Problème : le port marseillais accueillant les navires les plus polluants n’est pas un port de plaisance
La réglementation des seuls ports de plaisance par le maire de Marseille serait un coup d’épée dans l’eau, car cette liste exclut le “Grand port maritime de Marseille-Fos”, géré quant à lui par un établissement public sous la tutelle de l’État. Or c’est bien ce port qui constitue le cœur du problème puisque c’est celui qui accueille les paquebots que dénonce Benoît Payan, à l’image du Wonder of The Seas, plus grand navire de plaisance au monde.
Le capitaine d’un paquebot pourrait, tout au plus, être poursuivi devant un tribunal correctionnel s’il se livre à un rejet d’hydrocarbure en violation de la convention de Marpol ou encore si le carburant qu’il utilise ne respecte pas la composition autorisée par le Code de l’environnement, notamment la teneur en soufre maximale autorisée. Encore faut-il que les contrôles aient lieu et révèlent ces infractions.

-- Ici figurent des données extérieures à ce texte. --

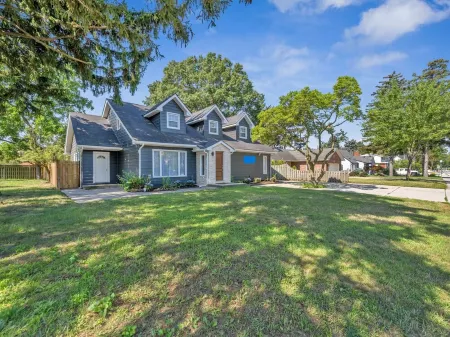 Elegant 4BR Retreat + Jacuzzi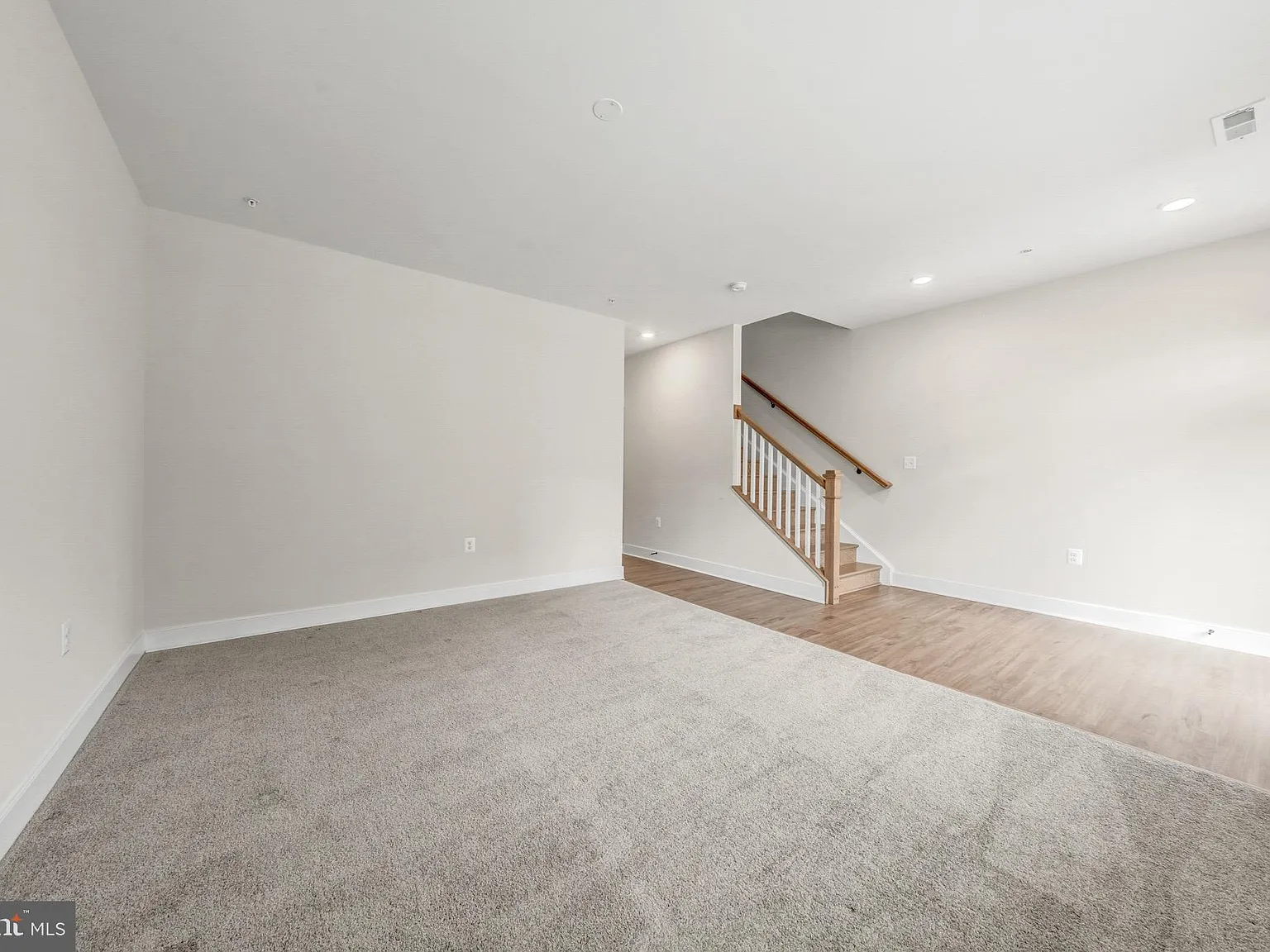3 bed, 3.5 bath, 2740 sqft, $4,300 — Photo 4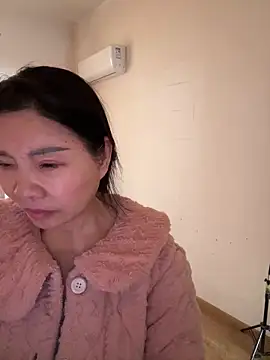 xiiuuff18 online show from March 2026 01:24:02 AM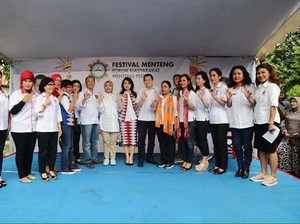 Timses Ahok Laporkan Anies-Sandi dan Hary Tanoe Bagi-bagi Sembako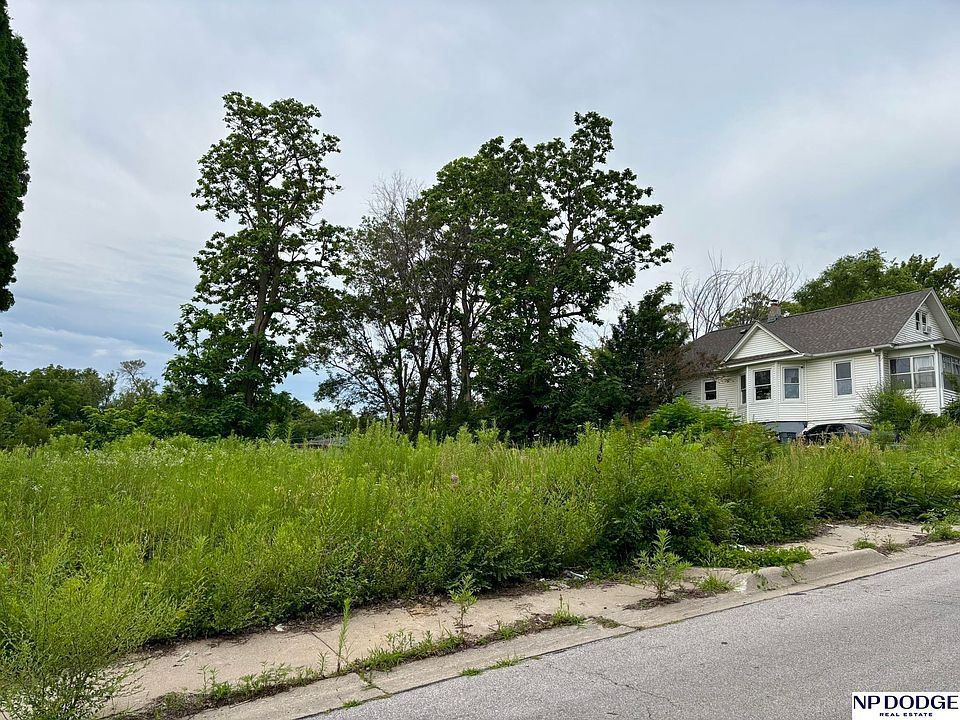 1st image of 3107 Corby St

Ainsi, le maire d’une commune portuaire détient bien un pouvoir de police lui permettant de réglementer la circulation et le stationnement des navires dans les ports de plaisance, mais le principal port accueillant les plus gros paquebots du monde ne relève pas du maire mais de l’État. C’est le revers de la médaille des maires des plus grandes villes de France, qui, comme à Paris, doivent composer avec des infrastructures d’intérêt national captées par l’État, et rognant d’autant le pouvoir des édiles.